Keith Flint, Luke Perry e il giorno in cui finirono gli anni ’90
Cinquantadue anni Luke Perry, quarantanove Keith Flint. Ma per chi è cresciuto coi loro poster che ti fissavano dalla parete della cameretta resteranno sempre giovani. Bello, bellissimo, ricco e tenebroso il Dylan di Perry; eccessivo, folle, brutto il frontman dei Prodigy. Verrebbe da pensare a una suddivisione di genere: le ragazze per il belloccio di Hollywood, i ragazzi per il cantante maledetto.
Eppure gli anni ’90 erano così meravigliosamente complicati che poteva succedere anche l’esatto contrario: la ragazzina punk e il ragazzotto liceale che non si perdeva una puntata del telefilm (allora non si chiamavano serie) e sognava gli stessi sospiri che la compagna di classe rivolgeva alla foto appiccicata al diario e ormai sgualcita di Dylan McKay.
Luke Perry, ilDylan di Beverly Hills 90210
Oppure, erano così meravigliosamente complicati gli anni ’90, che potevi essere proprio tu, al pomeriggio Perry e alla sera Flynt. Potevi essere proprio tu, simbolicamente in decapottabile, occhiali da sole, tavola da surf, per le strade della California, e poi a ballare come un forsennato in uno scantinato polveroso una musica che non si capiva bene cosa fosse, un po’ hard-rock, un po’ punk, un po’ techno.

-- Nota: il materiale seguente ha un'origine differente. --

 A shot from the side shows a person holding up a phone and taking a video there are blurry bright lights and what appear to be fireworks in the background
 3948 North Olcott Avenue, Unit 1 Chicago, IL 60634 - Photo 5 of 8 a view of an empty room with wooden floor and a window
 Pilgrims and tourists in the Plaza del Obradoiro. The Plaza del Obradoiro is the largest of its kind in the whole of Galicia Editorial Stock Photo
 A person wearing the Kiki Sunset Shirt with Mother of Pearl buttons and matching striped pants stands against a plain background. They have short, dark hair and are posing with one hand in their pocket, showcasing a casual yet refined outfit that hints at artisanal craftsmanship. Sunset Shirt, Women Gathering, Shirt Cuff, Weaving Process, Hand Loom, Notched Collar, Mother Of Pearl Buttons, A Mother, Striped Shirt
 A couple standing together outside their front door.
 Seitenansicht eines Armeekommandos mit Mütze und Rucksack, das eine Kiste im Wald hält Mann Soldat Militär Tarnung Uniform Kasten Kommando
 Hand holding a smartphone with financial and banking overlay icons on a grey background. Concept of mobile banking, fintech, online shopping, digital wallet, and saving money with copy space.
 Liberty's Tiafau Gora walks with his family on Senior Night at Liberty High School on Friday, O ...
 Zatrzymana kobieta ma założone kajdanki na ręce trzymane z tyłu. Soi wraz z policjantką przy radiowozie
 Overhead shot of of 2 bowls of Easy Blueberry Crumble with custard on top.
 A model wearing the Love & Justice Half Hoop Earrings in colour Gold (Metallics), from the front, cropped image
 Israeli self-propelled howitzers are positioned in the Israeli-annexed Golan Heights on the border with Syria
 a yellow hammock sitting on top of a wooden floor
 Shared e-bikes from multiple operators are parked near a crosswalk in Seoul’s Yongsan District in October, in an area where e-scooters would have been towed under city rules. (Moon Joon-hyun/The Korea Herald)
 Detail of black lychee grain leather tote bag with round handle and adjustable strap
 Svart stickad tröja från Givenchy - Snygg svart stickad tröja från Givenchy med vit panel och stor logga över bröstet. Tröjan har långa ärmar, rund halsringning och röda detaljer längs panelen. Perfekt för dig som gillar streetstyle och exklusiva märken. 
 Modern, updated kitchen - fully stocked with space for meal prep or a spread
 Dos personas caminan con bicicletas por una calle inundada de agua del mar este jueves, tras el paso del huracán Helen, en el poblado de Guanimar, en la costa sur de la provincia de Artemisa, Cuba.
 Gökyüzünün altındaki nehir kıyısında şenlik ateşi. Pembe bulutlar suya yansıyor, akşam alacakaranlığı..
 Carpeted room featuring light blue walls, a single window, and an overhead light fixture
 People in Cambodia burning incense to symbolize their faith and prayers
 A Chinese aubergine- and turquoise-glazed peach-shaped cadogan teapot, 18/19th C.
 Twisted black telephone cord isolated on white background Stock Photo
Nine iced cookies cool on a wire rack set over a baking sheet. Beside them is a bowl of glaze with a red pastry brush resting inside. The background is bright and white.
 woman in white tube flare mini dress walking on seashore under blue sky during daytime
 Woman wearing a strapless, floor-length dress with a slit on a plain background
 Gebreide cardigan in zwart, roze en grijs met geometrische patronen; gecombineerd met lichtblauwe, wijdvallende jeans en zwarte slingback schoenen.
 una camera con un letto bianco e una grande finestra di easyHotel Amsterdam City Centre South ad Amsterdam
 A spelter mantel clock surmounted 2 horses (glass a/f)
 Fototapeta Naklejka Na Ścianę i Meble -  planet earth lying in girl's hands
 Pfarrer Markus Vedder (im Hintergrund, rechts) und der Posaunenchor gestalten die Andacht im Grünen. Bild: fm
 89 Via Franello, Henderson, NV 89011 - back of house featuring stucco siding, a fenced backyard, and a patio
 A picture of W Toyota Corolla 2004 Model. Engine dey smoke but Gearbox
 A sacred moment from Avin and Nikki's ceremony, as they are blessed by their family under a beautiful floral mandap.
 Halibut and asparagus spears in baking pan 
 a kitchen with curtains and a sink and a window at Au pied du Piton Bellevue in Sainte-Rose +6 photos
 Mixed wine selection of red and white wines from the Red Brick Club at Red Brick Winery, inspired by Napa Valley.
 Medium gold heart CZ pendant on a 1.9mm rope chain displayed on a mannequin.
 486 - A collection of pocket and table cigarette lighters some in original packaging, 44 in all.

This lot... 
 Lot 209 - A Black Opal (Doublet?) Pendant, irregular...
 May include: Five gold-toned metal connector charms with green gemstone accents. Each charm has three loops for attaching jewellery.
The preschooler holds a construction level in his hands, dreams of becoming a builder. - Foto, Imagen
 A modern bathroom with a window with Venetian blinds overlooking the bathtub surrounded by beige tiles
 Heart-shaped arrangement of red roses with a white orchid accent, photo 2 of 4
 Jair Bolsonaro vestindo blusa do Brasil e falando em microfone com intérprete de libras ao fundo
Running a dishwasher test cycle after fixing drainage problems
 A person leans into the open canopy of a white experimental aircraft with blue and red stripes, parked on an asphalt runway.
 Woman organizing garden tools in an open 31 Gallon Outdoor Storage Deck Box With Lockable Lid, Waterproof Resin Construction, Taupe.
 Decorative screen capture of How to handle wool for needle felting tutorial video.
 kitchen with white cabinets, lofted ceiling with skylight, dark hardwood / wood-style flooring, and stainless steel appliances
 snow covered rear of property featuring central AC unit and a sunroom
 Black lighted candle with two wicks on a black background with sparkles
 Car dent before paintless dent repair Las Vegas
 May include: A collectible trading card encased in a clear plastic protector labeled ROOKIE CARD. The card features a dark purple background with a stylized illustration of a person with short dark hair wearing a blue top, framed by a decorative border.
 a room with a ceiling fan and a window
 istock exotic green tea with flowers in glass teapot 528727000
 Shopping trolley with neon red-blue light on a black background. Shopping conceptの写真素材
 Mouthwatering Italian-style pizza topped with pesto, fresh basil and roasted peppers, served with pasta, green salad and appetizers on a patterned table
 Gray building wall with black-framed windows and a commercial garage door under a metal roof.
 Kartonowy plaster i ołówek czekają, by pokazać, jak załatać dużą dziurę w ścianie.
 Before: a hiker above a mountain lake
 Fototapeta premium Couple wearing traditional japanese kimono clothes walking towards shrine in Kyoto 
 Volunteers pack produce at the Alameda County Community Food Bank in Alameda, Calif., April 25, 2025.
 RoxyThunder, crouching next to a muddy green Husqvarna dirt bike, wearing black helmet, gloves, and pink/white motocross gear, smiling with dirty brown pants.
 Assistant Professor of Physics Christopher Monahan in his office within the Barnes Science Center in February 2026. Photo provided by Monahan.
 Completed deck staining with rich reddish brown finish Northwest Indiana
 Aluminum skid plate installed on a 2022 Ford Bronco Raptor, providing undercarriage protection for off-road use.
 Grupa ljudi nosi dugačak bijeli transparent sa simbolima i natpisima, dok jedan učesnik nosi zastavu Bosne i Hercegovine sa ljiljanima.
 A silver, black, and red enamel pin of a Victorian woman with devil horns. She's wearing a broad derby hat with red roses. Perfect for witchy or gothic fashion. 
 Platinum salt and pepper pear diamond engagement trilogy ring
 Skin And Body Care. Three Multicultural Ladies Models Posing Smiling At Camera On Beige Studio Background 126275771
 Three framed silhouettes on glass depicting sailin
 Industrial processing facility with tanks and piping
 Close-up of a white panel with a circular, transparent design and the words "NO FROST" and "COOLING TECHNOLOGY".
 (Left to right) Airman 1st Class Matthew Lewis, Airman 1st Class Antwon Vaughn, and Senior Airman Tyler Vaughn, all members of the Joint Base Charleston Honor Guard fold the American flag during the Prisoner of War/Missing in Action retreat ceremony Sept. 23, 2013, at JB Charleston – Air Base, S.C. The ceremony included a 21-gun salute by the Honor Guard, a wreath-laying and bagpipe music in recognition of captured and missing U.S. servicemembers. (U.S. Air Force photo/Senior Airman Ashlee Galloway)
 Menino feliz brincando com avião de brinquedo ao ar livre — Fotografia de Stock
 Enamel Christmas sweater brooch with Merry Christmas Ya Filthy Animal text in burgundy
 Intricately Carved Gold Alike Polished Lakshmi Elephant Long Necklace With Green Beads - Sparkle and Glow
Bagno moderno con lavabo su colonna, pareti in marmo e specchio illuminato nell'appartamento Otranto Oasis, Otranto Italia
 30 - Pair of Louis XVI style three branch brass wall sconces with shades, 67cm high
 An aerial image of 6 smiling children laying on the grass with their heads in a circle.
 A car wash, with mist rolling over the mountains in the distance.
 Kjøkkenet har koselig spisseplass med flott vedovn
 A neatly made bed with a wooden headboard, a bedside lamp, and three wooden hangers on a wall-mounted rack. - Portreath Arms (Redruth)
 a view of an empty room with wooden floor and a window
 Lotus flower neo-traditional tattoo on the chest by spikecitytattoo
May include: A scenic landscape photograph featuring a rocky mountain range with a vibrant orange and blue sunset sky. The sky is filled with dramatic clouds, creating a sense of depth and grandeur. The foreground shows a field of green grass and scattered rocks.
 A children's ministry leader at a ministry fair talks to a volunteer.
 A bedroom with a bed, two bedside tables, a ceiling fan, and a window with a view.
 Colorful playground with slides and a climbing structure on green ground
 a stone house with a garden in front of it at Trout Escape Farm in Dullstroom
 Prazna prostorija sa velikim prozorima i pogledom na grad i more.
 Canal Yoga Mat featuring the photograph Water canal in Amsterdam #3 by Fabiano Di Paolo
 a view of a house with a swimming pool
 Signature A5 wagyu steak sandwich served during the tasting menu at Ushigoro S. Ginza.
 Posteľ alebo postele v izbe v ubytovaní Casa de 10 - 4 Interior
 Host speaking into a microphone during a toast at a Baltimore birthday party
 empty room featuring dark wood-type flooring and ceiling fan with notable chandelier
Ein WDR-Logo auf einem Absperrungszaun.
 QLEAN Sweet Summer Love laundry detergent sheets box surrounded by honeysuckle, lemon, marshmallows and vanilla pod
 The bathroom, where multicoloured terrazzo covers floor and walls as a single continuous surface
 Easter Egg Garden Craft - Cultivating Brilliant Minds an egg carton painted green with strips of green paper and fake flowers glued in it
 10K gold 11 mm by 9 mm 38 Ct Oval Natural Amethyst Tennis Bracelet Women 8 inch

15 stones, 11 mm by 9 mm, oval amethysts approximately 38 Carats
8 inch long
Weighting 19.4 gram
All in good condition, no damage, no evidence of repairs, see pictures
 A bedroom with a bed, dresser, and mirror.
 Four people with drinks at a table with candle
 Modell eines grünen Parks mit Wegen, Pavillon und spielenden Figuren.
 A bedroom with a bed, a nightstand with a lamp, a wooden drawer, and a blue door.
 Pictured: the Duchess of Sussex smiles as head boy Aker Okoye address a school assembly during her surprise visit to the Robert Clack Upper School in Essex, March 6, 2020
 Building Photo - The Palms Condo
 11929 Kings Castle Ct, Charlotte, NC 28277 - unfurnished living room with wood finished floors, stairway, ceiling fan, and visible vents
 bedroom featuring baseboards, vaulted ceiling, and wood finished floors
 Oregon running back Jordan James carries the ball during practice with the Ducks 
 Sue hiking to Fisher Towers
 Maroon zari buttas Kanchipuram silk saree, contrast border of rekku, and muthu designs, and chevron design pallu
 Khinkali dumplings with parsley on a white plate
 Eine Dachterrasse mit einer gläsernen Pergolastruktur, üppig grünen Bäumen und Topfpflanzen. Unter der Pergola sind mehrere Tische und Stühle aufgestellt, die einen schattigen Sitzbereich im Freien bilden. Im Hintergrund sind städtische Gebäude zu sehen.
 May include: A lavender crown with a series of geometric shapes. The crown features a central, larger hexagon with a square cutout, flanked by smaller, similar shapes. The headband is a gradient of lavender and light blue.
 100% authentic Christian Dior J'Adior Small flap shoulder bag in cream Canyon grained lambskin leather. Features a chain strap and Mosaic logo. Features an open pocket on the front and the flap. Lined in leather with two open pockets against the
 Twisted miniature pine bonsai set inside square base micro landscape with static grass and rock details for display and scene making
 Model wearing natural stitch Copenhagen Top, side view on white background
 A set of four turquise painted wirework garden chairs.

Diciamolo, non c’è stato nulla di più fluid degli anni ’90. Non una fluidità di genere, quella era inimmaginabile allora. Era una fluidità culturale, o forse meglio di costume, dove dentro ci poteva stare di tutto: da Che Guevara fino a Madre Teresa, come qualcuno diceva già allora. Era la Generazione X, la prima senza i grandi ideali, cresciuta con i cartoni animati e i divi delle serie televisive; le prime, le serie, in cui i giovani parlavano ai giovani e affrontavano i loro problemi.
Keith Flint, il frontman dei Prodigy
Nel loro essere così diametralmente opposti, così come nell’aver consumato le loro carriere poco più che per un battito di ciglia, Perry e Flynt rappresentano lo spirito di quel tempo in cui tutto si consumava velocemente, ma ancora con modalità novecentesche, senza il cannibalismo quotidiano della rete e dei social, dove tutto sparisce poco dopo essere apparso lasciando soltanto un’impressione. Un tempo in cui si poteva amare il ricco belloccio e viziato, così come il punk estremo. Sembrano passati secoli a guardarlo da qui, nell’epoca della guerra fra élite e popolo.
Oggi chi c’era, laggiù, negli anni ’90, si sente più vecchio. Oggi è il giorno in cui sentiamo che gli anni ’90 sono definitivamente e irrimediabilmente morti. E che noi siamo sopravvissuti alle icone di quegli anni. E allora lasciamolo quel tempo, rabbioso e sentimentale, lasciamolo al suo destino. Su di lui la storia darà la sua ardua sentenza. A noi piace ricordarlo così, in decapottabile, occhiali da sole, tavola da surf, sulle strade della California e che balla, in una cantina lurida, in mezzo alla polvere.